Quickwit software is an open-source search engine developed by a Japanese startup that has caught the attention of Binance, a major cryptocurrency exchange market. They have successfully migrated their log storage system from Elasticsearch to Quickwit, only six months after the Binance team met with Quickwit.
The Binance application was logging up to 21 million lines per second, equivalent to 1.6PB of data per day. Initially using 600 Vector instances to pull logs from Kafka and push them to Elasticsearch across 20 clusters, the team encountered difficulties in managing such a large number of Elasticsearch clusters, requiring large storage resources and lacking the ability to replicate due to data ingestion limitations.
Choosing Quickwit allowed the team direct log extraction from Kafka, support for VRL language to transform data within logs, data compression, and the use of object storage for data storage, eliminating the need to manage storage clusters themselves.
After selecting Quickwit, the team began testing by having Quickwit extract multi-gigabyte level data per second, encountering system instability due to the cluster protocol supporting the workload of the indexer, receiving data from multiple pod levels.
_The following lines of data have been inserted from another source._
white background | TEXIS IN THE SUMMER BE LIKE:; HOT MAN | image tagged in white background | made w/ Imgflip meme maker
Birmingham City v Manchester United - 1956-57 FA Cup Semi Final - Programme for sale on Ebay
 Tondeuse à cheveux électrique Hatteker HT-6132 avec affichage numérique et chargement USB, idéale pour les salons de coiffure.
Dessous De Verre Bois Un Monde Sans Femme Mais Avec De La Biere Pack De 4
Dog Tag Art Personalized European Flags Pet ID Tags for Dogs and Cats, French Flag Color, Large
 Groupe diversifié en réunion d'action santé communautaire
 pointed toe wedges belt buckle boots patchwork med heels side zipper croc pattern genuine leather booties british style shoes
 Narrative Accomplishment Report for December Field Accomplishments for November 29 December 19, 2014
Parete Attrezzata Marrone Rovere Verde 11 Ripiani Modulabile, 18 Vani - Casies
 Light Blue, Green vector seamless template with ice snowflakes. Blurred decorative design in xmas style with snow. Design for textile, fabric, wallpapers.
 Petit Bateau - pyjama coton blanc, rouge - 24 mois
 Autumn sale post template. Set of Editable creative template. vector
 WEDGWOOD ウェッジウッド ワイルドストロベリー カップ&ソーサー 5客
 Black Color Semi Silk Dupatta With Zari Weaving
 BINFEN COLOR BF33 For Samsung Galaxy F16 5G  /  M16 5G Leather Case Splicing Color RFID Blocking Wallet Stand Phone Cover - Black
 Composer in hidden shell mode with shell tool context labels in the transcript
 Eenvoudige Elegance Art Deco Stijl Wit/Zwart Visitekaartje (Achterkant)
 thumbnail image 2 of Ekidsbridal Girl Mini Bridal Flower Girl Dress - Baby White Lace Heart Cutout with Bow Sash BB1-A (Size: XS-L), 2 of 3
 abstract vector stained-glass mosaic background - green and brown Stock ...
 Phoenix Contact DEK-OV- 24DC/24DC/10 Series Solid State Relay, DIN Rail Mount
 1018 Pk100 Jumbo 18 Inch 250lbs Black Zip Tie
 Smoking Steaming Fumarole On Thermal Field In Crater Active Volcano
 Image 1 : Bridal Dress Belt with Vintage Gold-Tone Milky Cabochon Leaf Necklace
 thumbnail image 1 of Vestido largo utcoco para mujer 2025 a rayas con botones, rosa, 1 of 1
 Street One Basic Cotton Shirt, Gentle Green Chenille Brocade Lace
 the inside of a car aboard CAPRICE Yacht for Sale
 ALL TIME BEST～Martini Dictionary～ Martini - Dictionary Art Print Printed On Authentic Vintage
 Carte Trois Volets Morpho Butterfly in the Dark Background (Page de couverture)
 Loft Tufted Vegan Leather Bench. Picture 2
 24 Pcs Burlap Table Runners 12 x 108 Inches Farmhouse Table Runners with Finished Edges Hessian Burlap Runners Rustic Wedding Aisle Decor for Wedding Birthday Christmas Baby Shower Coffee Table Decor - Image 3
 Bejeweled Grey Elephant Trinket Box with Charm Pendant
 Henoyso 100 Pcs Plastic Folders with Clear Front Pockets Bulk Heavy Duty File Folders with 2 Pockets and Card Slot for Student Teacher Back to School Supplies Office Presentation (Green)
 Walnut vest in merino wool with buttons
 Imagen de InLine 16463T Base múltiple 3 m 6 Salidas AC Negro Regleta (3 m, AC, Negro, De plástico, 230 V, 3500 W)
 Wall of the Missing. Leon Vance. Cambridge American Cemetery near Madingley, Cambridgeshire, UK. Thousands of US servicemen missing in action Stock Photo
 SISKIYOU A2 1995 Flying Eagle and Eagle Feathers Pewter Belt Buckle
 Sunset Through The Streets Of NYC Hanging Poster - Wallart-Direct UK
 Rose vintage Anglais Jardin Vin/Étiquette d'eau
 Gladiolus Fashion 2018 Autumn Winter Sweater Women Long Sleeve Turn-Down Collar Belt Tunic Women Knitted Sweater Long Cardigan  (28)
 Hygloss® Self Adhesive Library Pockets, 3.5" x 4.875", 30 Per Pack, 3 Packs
The team resorted to dividing the indexer clusters into 10 sub-clusters by topic and found that they could handle a full 1.6PB of data per day with 700 pods totaling 2,800 vCPUs for data retrieval.
Binance uses 10 PostgreSQL clusters separated by indexer clusters, then consolidates the databases into a single cluster, before utilizing searcher clusters to search for data.
Overall, Binance uses significantly fewer CPUs compared to Elasticsearch, up to 5 times less, while reducing storage usage by 20 times. However, they are planning to extend the log retention period in the future.
Quickwit plans to further develop data compression and cluster management in this scenario.
TLDR: Binance successfully migrated log storage from Elasticsearch to Quickwit due to its direct Kafka log extraction, VRL language support, and object storage usage. They reduced CPU and storage usage significantly and plan to enhance data compression and multi-cluster management in the future.